For i = 0 To UBound(varNames)
Select Case TypeName(varNames(i))
Case "String"
s_temp = "'" & varNames(i) & "'"
msSQL = Replace(msSQL, msVarID & i + 1, s_temp)
Case "Date"
s_temp = "'" & varNames(i) & "'"
msSQL = Replace(msSQL, msVarID & i + 1, s_temp)
Case Else
msSQL = Replace(msSQL, msVarID & i + 1, varNames(i))
End Select
Next i
End Sub

Public Sub Msg()
'Display the master SQL string
MsgBox msSQL, vbOKOnly, "Show SQL"
End Sub

Public Property Get SQL() As String
'Return Proto text string
SQL = msSQL
End Property

Optikal
01-27-2004, 10:11 PM
I got a suggestion. Instead of making it similar to C's method, why not just make it near identical to sprintf(). Instead of using ~1, ~2, etc you could use %d %s, etc there are actually quite a few different format codes, you'd only need to implement the basic ones. And you could use ParamArray in your function declare so that you can do it all in one call, something like

strSQL = sprintf("SELECT * FROM %s WHERE %s = %d", "Customers", "CustomerID", 123)

Gruff
01-27-2004, 11:25 PM
I got a suggestion. Instead of making it similar to C's method, why not just make it near identical to sprintf(). Instead of using ~1, ~2, etc you could use %d %s, etc there are actually quite a few different format codes, you'd only need to implement the basic ones. And you could use ParamArray in your function declare so that you can do it all in one call, something like

strSQL = sprintf("SELECT * FROM %s WHERE %s = %d", "Customers", "CustomerID", 123)

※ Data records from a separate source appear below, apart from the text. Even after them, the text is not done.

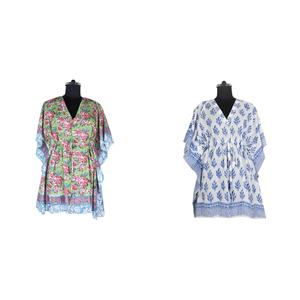 Robe courte à col V, Style Caftans, sans manches, pour femmes, vêtement d'été, - Product Image 1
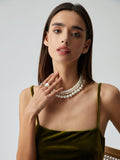 Fashionkova Treble Layers Pearl Necklace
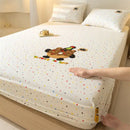 GobekUsa Cartoon Embroidered Fitted Sheet Single Bed Cover, 100% Cotton, All Seasons, Anti-Slip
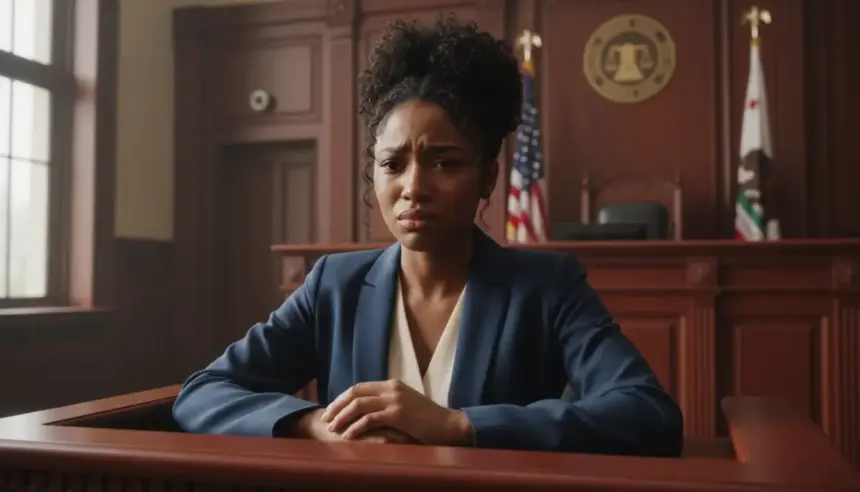 Mulher presta depoimento em tribunal de Los Angeles no julgamento contra Meta e YouTube sobre danos mentais.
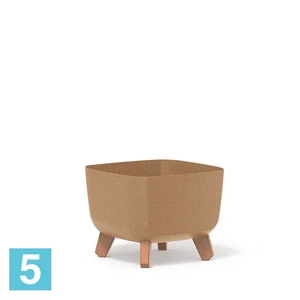 Кашпо Prosperplast GRACIA Square ECO Wood, коричневое 24-l, 24-w, 18,7-h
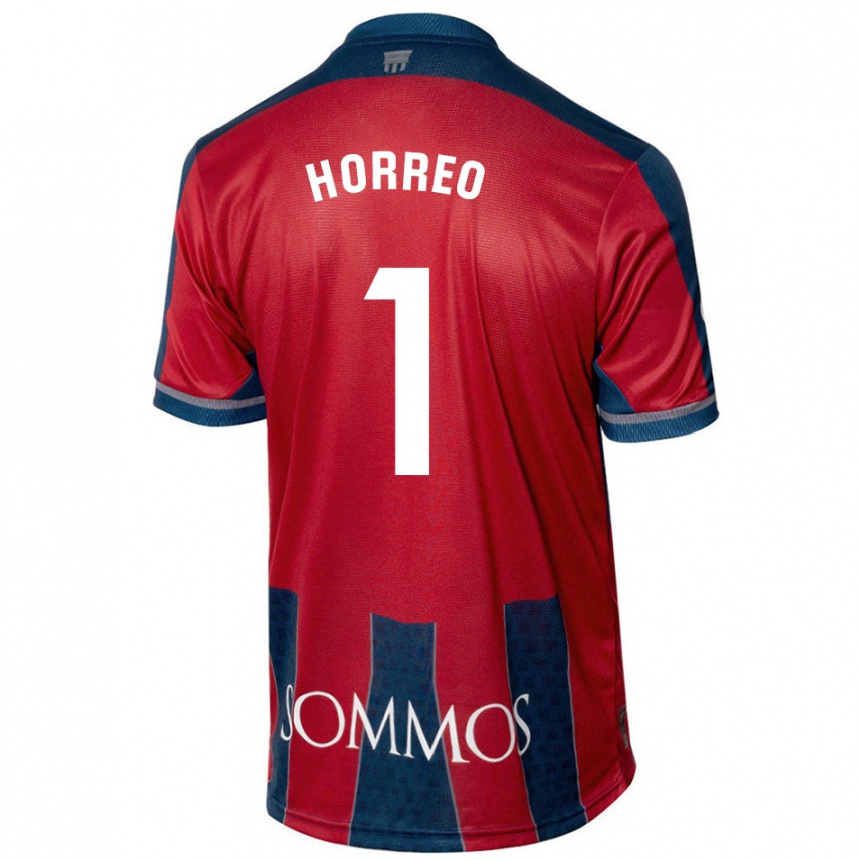 Herren Fußball Berto Hórreo #1 Rot Blau Heimtrikot Trikot 2024/25 T-Shirt Luxemburg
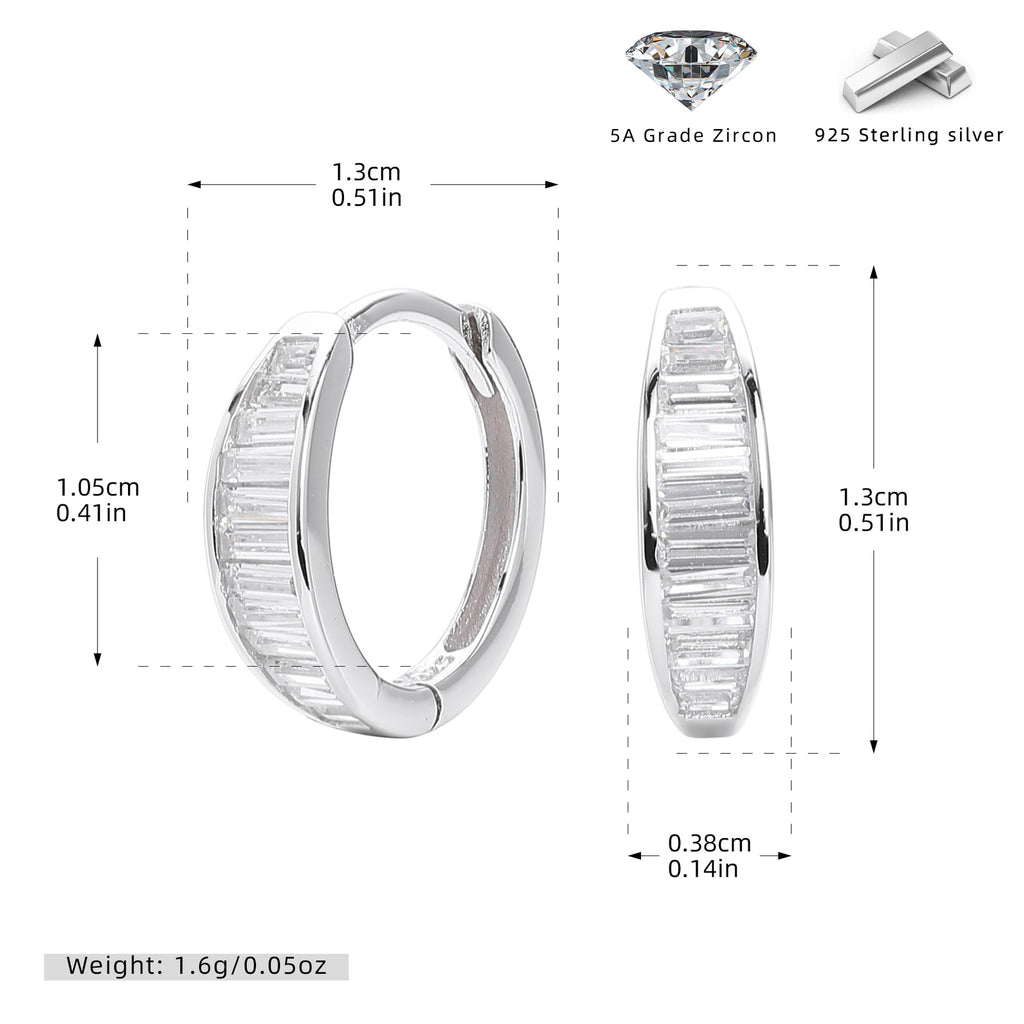 Damen Creolen mit funkelnden Zirkonsteinen aus hochwertigem 925 Sterling Silber Shop Nory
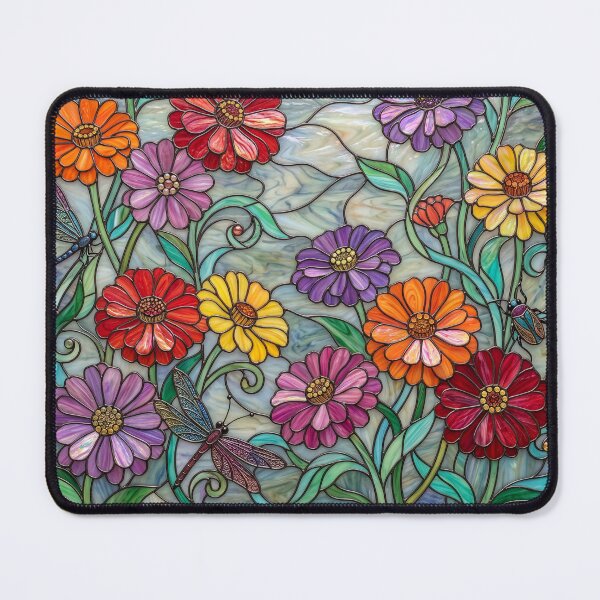 Item preview, Stained Glass Zinnias and Dragon Flies designed and sold by Tridentulus.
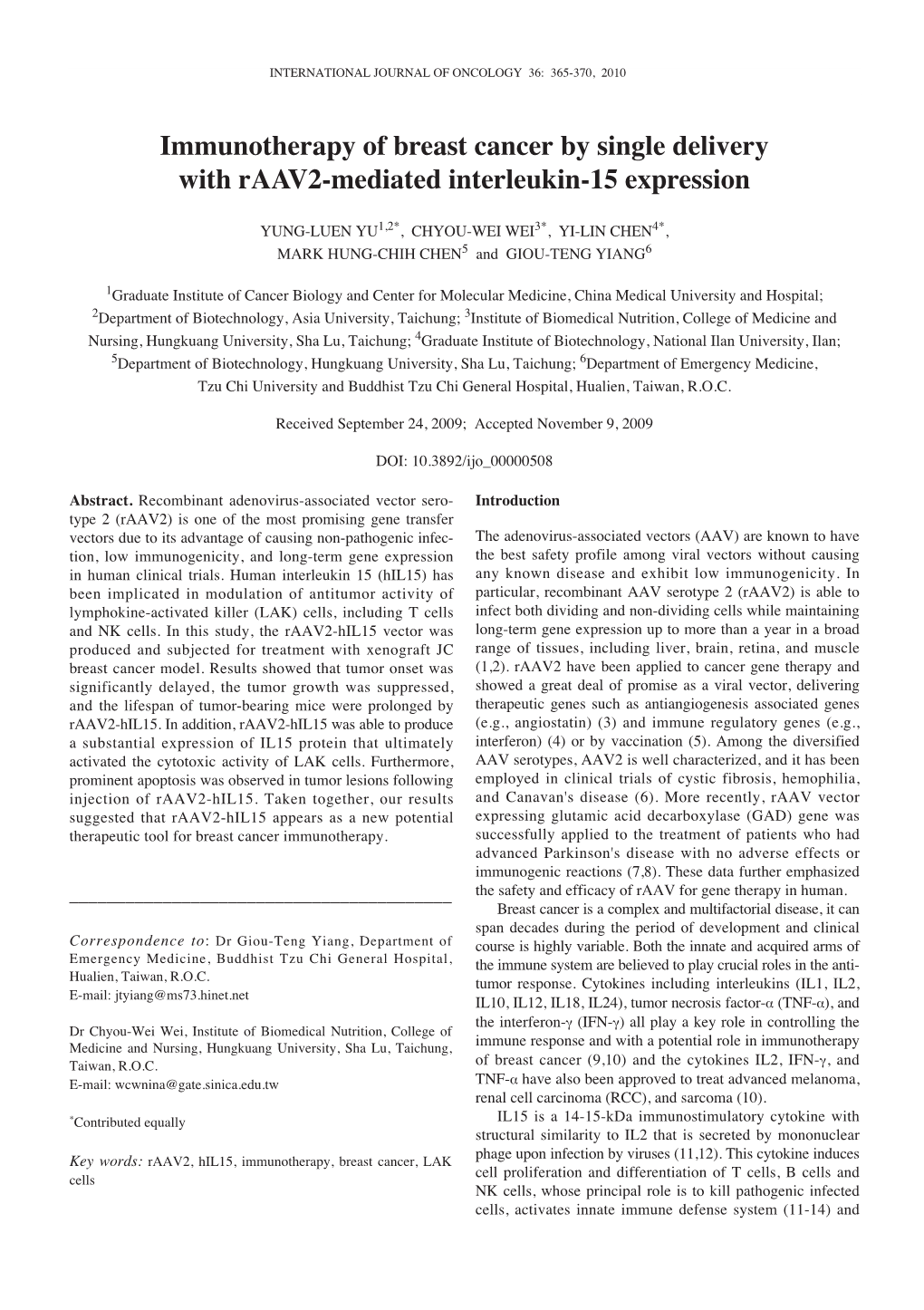 Immunotherapy of Breast Cancer by Single Delivery with Raav2-Mediated Interleukin-15 Expression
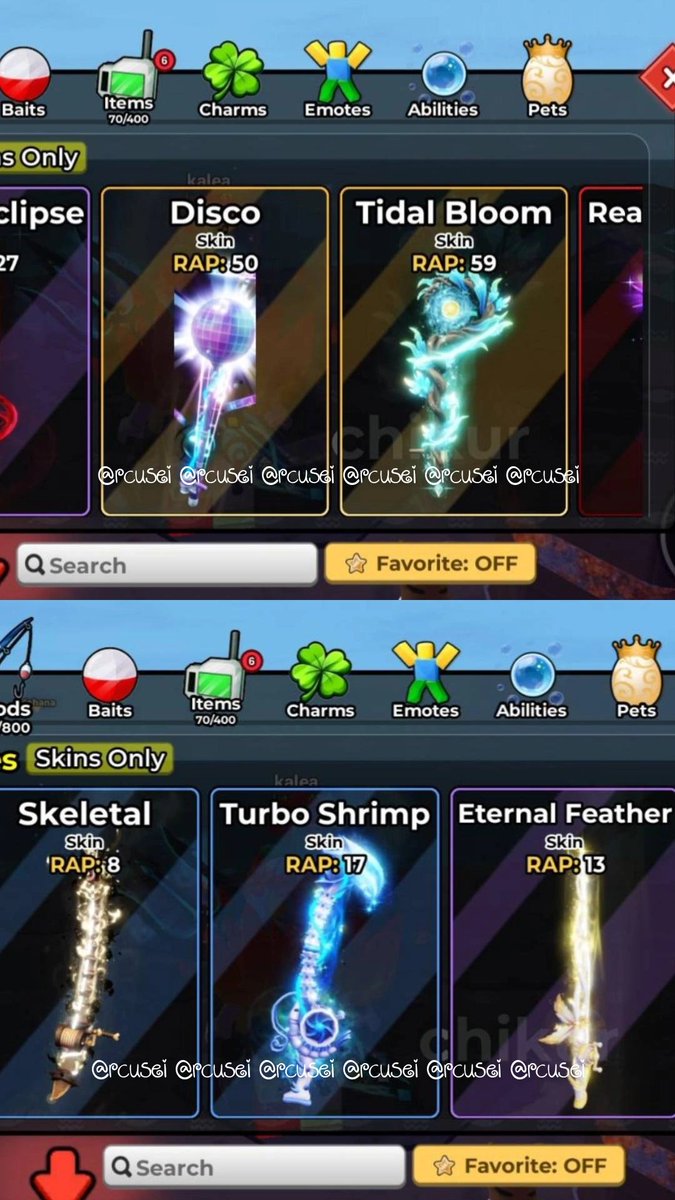 rcusei's tweet photo. WTS SKIN ROD — FISH IT ♡___<

crimson retribution 35k
kitty guitar (2) 55k/ea
eternal flower 25k
eclipse katana (2) 18k/ea
frozen krampus 15k
divine blade 8k
tidal bloom (2) 5k/ea
blood eclipse (2) 4k/ea

avail qris (&amp;.) rekber
@ after dm atau https://t.co/fFopDyM7QT https://t.co/zchu59vgnw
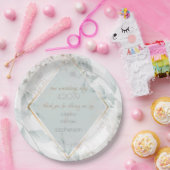 Hochzeitsbuffet | Eleganter Alabaster Wasserfarben Pappteller (Party)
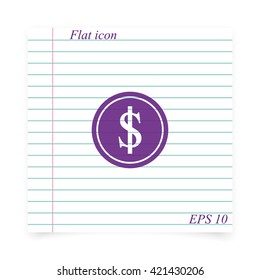 Coin with dollar sign.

Sounds good for short SQL's but my goal was the following criteria.

1) Provide a definable replacement character(s).
the default is the percent sign "%"

2) Provide a utility that constructs the correct SQL output based on
the given variable datatype. if recasting is needed it should
be done in the Insert method.

3) Keep the input on a simple line by line arrangement.
(Easier to read and debug.)

All that being said why not add a sprintf() function to the class that
works as you describe in addition to the current system. :)

What do you think?

~Tom

Optikal
01-27-2004, 11:33 PM
good points. However, are you aware that if you use SQL Server, Oracle, or any other major DBMS, you can already use paramaterized SQL statements, and use the ADODB.Command object to specify your paramaters?

Gruff
01-27-2004, 11:39 PM
good points. However, are you aware that if you use SQL Server, Oracle, or any other major DBMS, you can already use paramaterized SQL statements, and use the ADODB.Command object to specify your paramaters?


All True, However if I was connecting to a SQL server or any other major db server I would be using stored procedures and NOT
large unwieldy slow SQL's on the client. :)

This utilty was meant for those unlucky enough to not have that advantage.